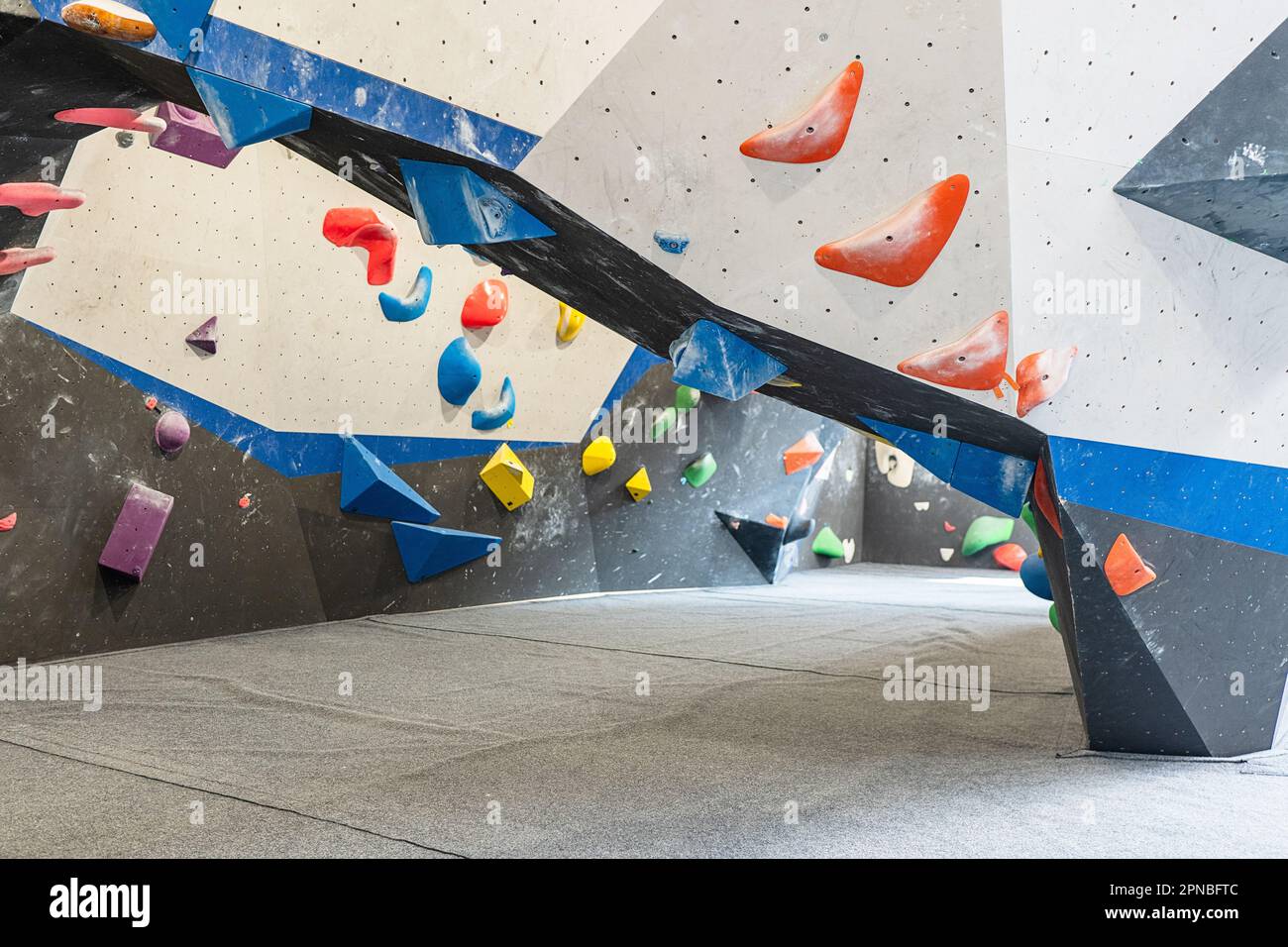 Contemporary indoors climbing gym decorated with polyethylene foams and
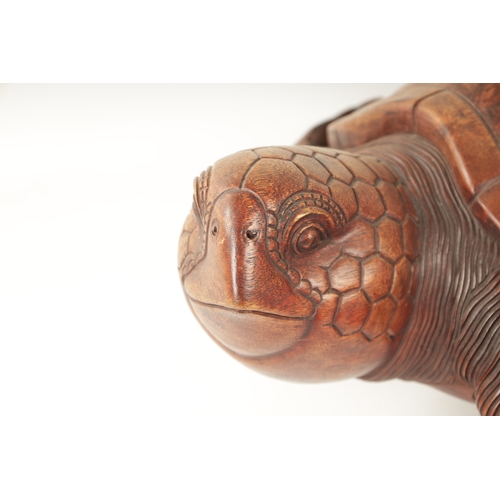 341 - A LARGE HARDWOOD LIFE-SIZE CARVED SCULPTURE modelled as a Hawksbill turtle (81cm long)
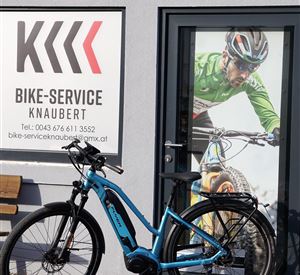 A blue e-bike is standing in front of a shop named "Bike-Service Knaubert". In the background, there is a large image of a cyclist.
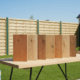 Échantillons de bois présentés sur table extérieure.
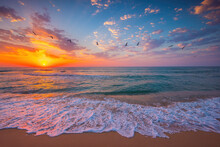 Ocean Sunrise Over Beach Shore And Waves. The Sun Is Rising Up Over Sea Horizon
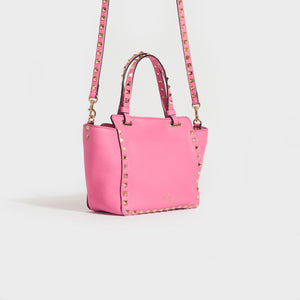 Side view of the VALENTINO Garavani Mini Rockstud Leather Tote Bag in Dawn Pink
★ ★ ★ ★ ★
- **TASK**
Find the line that contains "Ocean Sunrise Over", then write out that line and each one after it, exactly and with nothing else, through the end of the entries above, without the pictures.

- **REPLY TO THE EXERCISE**
 Ocean Sunrise Over Beach Shore And Waves. The Sun Is Rising Up Over Sea Horizon
 Side view of the VALENTINO Garavani Mini Rockstud Leather Tote Bag in Dawn Pink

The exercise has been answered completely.